Aan de Voorzitter van de Tweede Kamer der Staten-Generaal
Den Haag, 30 april 2021
Hierbij bied ik u het eindverslag aan van mijn werkzaamheden als informateur, met
twee bijlagen1.
Bij dit eindverslag zijn daarnaast als bijlagen gevoegd: de verslagen van mijn gesprekken
met de voorzitters van de 17 fracties in de Tweede Kamer, afschriften van de brieven
die ik van hen ontving alsmede de verslagen van gesprekken met anderen die ik als
informateur heb ontvangen2.
Zoals vermeld aan het slot van mijn eindverslag ben ik uiteraard bereid een debat
hierover bij te wonen en desgevraagd de leden van uw Kamer dan nader te informeren.
Via u wil ik de fractievoorzitters bedanken voor het vertrouwen waarmee zij mij tegemoet
zijn getreden en de open wijze waarop wij met elkaar mochten spreken.
Die gesprekken konden bij mij echter een gevoel van ongemak niet wegnemen.
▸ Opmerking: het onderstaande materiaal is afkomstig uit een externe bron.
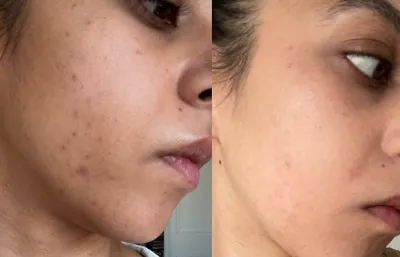 Before and after acne and pigmentation treatment Photo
Ongemak
over de gevolgen van uitputtende Kamerdebatten over geschonden vertrouwen in Den Haag
voor het vertrouwen van kiezers die hun stem uitbrachten in de hoop dat er geregeerd
zou worden om snel uit de crises te raken.
Tegelijkertijd constateer ik dat de bereidheid om met de bestaande bestuurscultuur
te breken de laatste weken is toegenomen. De breed gesteunde motie Klaver en Ploumen
Kamerstuk (28 362, nr. 44) is daarvan een uiting. Geen eenvoudige opgave. Maar alleen met een sterke democratische
rechtsorde kunnen fundamentele problemen effectief worden aangepakt, crises het hoofd
geboden en burgers en overheid op elkaar vertrouwen.
Mijn opdracht heb ik proberen te vervullen vanuit de overtuiging dat de democratische
rechtsorde is gebaseerd op vertrouwen en matiging. Wie een andere bestuursstijl predikt,
moet daarvan uitgaan. lk hoop dat de vervulling van mijn opdracht aan herstel van
dat vertrouwen en die matiging kan bijdragen.